Immigration & Labour Minister, Vincent Wheatley gave that indication to the Commission of Inquiry (COI) while responding to questions on what might have created the Immigration Department’s backlog of persons applying for Residency and Belongership statuses in the BVI.
He told the Commission the issue was largely due to a human resources deficiency within the department. He said this deficiency is a decades-old issue.
The minister noted that the Immigration issue must feed into a conversation of what the BVI population would look like going forward. And according to Wheatley, this has major implications for several sectors in the BVI.
“We know from studying various population models that certain businesses cannot thrive under certain populations,” he explained. “We are around 30,000 [residents] now. It limits our economic activity; that we know. [So we need to have] that bigger conversation of what are we willing to do [and] what population can be sustained.”

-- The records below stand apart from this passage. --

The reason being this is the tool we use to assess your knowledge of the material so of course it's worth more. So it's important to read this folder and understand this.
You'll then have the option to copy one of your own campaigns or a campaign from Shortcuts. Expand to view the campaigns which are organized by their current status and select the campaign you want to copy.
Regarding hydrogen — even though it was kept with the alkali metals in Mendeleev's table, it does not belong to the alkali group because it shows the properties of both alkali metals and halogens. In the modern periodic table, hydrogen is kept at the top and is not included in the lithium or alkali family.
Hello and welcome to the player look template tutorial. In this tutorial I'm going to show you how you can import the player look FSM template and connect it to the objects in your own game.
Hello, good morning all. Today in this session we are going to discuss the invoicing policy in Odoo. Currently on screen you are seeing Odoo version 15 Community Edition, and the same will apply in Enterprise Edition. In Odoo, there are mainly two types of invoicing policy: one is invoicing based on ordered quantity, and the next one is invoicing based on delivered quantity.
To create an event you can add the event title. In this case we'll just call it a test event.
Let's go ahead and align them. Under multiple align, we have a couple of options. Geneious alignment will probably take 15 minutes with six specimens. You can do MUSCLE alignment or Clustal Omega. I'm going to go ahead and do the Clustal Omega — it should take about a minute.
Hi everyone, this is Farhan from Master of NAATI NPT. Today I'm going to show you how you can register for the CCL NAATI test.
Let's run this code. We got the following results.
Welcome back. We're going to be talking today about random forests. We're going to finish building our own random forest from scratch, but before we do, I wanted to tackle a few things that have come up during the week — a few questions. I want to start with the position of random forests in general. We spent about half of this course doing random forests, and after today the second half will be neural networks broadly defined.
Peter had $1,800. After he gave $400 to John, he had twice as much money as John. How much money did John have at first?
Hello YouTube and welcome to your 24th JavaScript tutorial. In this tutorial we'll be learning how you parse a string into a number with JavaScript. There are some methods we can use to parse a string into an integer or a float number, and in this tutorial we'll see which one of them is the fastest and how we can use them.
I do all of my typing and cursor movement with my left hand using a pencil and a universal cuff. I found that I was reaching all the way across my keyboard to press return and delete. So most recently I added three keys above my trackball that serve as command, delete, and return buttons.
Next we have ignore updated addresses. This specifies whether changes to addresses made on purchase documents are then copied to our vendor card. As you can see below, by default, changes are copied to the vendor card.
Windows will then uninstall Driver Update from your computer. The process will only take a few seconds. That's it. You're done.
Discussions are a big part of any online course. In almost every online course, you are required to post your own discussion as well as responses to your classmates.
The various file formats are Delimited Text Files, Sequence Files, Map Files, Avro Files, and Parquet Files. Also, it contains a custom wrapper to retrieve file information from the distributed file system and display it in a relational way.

Wheatley further explained that growing the population meant considering things like economic activity, schooling, sewerage, water production, and power.
“Again, it goes back to what creates a backlog,” the minister stated. “Apart from the human resources we’re dealing with it, it has to do with the number of persons allowed to come into the country and how long they are allowed to stay before they can qualify to even being considered.”
He also said it must be a holistic approach that looks at how the BVI wanted to build its population.
“Are we going to build a population on immigrants and imported labour, or are we going to build a population organically from inside? If you are getting enough locals for the workforce then you have less persons to import. There will never be a backlog if you’re importing few people and they are staying here long enough to get on the ladder to Belongership,” Wheatley said.
“Immigrants are not a very simple thing, and you have to tread very, very carefully,” the legislator stated; adding that the consultant will review all the variables and advise government accordingly.
“The consultant would do exactly that,” Minister Wheatley told the COI. “What is your ambition as a people [and] where are you trying to get to with the country — economics, your infrastructure, your environment, what population are you striving for? And based on what we feed to him or her, then they will say ‘well, this is the policy that you need to achieve that’.”